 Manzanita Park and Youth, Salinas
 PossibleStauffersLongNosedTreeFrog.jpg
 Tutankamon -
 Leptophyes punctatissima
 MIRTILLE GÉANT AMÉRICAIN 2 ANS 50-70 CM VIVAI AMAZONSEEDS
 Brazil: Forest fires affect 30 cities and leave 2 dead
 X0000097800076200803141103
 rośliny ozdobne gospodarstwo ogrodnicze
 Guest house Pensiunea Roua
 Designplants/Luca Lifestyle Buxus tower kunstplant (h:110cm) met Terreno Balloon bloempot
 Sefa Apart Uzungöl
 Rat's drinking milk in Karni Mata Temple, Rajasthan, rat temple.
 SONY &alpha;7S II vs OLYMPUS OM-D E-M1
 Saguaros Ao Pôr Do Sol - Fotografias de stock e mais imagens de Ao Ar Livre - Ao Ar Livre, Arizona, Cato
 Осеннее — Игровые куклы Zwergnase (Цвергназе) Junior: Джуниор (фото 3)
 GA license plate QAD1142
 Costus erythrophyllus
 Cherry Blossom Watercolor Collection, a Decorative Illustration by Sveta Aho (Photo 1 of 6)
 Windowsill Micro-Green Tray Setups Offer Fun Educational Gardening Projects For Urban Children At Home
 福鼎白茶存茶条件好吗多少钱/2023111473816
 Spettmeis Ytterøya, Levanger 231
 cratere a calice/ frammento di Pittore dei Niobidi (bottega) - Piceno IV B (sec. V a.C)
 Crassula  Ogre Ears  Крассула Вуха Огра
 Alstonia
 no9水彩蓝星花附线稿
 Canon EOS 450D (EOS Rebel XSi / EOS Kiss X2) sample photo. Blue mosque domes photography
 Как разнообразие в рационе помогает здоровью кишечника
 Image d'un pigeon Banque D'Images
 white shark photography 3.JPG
########
• THE PROBLEM:
Using the data above, count the lines that include "photography" and write the number alone.

• ANSWER SPACE:
2